Quercetin interacts with calmodulin, a calcium regulatory protein [34]. Calmodulin transports calcium ion across cellular membranes, initiating numerous cellular process. Quercetin appears to act as calmodulin antagonist. Through this mechanism, Quercetin functions at cell membrane level with a membrane stabilizing action [35]. Quercetin inhibits calmodulin dependent enzyme present at cell membrane such as ATPases and phospholipases thereby influencing membrane permeability [36]. Quercetin affects other calmodulin dependent enzymes that control various cellular functions, including the secretions of histamine from mast cells [4]. A number of investigations have demonstrated the ability of Quercetin, to reduce histamine secretion from mast cells in various tissues and also from basophils [37-42]. The enzyme inhibitory action of Quercetin extends to phospholipases which catalyses the release of arachidonic acid from phospholipids stored in cell membranes. Arachidonic acid serves as a key substrate for substances such as thromboxane, inflammatory prostaglandins and leukotrienes. In addition, Quercetin also inhibits the enzymes cyclooxygenase and Lipooxygenase which catalyses the conversion of arachidonic acid to its metabolites [42-44]. Reducing levels of these metabolites as well as histamine levels, is beneficial in maintaining the normal comfort level of body tissue and structures. Quercetin has also been shown to limit the function of adhesion molecules on endothelial cells [45]. Quercetin also chelates ions of transition metals such as iron which can initiate the formation of oxygen free radicals [46, 47]. Direct inhibition of lipid peroxidation is another protective measures [48].
In mast cell disease, it is a very effective treatment, equivalent to some prescription meds.
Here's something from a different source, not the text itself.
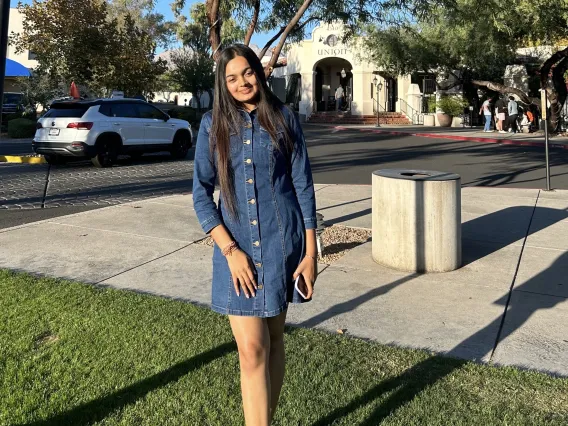 Kargi, an Arizona Senior standing in front of a restaurant in Tucson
The biggest problem with it is very limited absorption, but there are a few formulas on the market now that aim to help with that issue by creating more bioavailable forms.
 

Sue Stevenson

Active Member
I think in hindsigh @Cort what started me taking it was reading The Low Histamine Chef and then your article about MCAS and @Remy suggesting my symptoms sound like MCAS. It's taken me a long time to start seeing what "allergies" look like in me. As I don't really get rashes or have a constant runny nose I thought that it didn't apply to me, even though I've had horrid sinusitis flares for about five years. I think the LHS suggested quercetin. It's been so effective. I would certainly recommemd it. I read an anecdotal account of someome takimg a gram before every meal and it's treated their rosacea. I'm going to be trying that when my order arrives. I'd like my cheeks back.